Response 1: The authors believe this was due to an error when the original uploaded manuscript was converted to the MDPI template, as the formatting was specifically checked in the second uploaded manuscript that was submitted in conformance with the MDPI formatting guidelines/template. Please see the revised PDF version in case the revised Word document has persisting formatting problems.

1. Figure 2 The muscle behind the Antagonistic Coiled SMA Extensor is not completely written.

Response 2: The figure may have been cut off accidentally by the formatting issues mentioned above. The figure has been checked to be resized; please see the revised PDF version.

1. C in Figure 4 is not marked.

Response 3: This also appears to be a formatting issue. Please see the revised PDF version.

1. The labels of Figure 5, Figure 6, Figure 7 and Figure 10 do not correspond to the figures. Letters do not correspond to pictures.

Response 4: This also appears to be a formatting issue. The captions have been checked for correctness again; please see the revised PDF version.

1. Picture 8 is missing in the article, please add it.
   
   

Response 5: Similar to Response 1, Figure 8 appears in the second uploaded manuscript that was submitted in conformance with the MDPI formatting guidelines/template. It has been checked to be in the revised version.

1. The effective figures after decimal point are inconsistent.
   
   

Response 6: Significant figures were recorded to each instrument’s resolution. Calculations were rounded to two significant digits. We have edited decimal point as much as possible.

1. It is suggested to increase the simulation of applying force perpendicular to the manipulator surface to illustrate the bearing capacity of the manipulator.
   
   

Response 7: The authors thank the reviewer for their input, and the suggestion has been implemented, and a new figure (Fig.13) is added. An explanation has been added to the text as well.

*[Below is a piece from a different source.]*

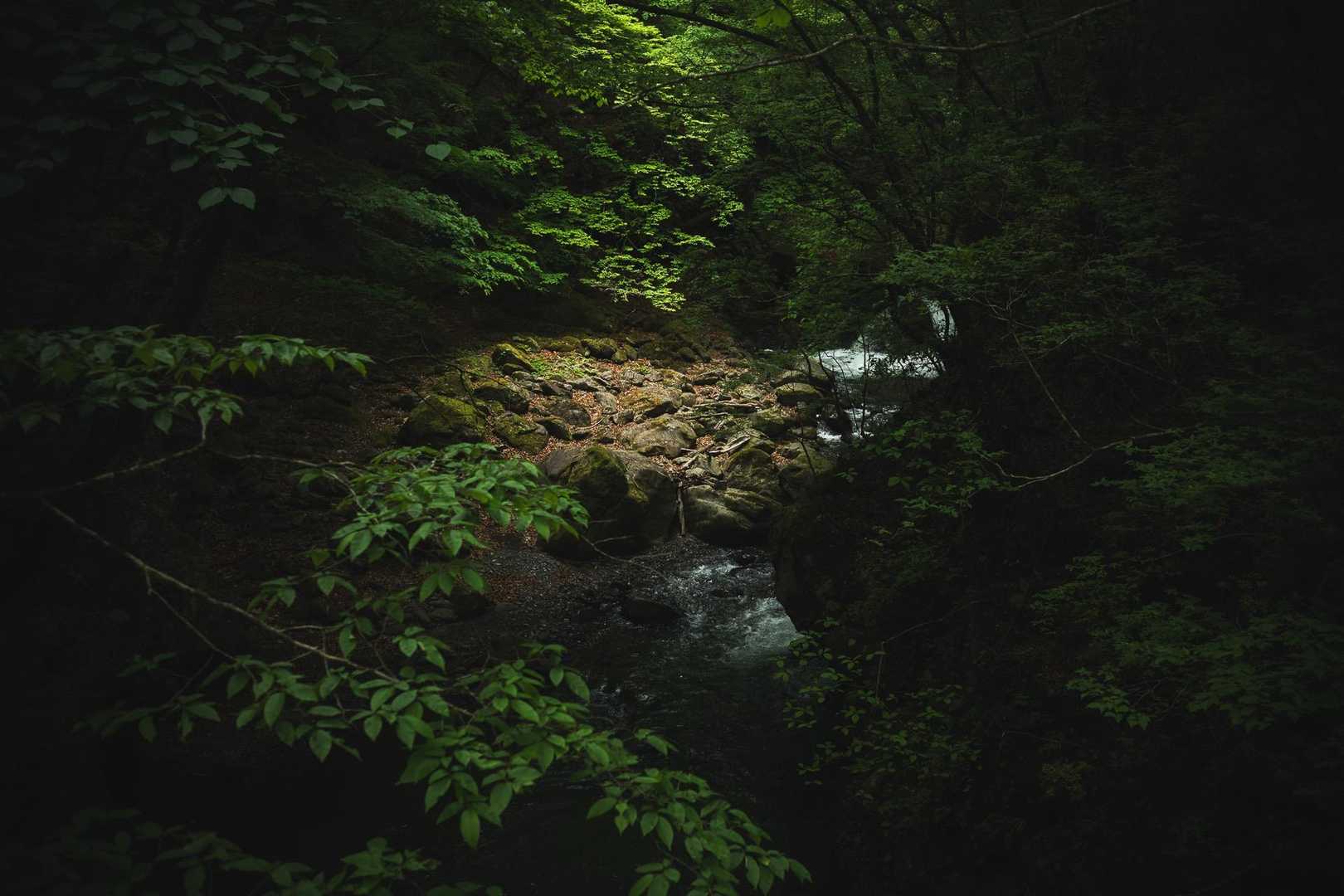 息の根が力強い森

Author Response File: Author Response.pdf

Round 2

Reviewer 1 Report

Based on all reviewer’s comments, the paper is well-revised.
The reviewer thinks that it is suitable for publication.

Reviewer 2 Report

The topic selection of this article is relatively new, the work is more detailed, and the theoretical support is sufficient.The simulation and design problems have been modified.It is suggested that the research be accept in present form.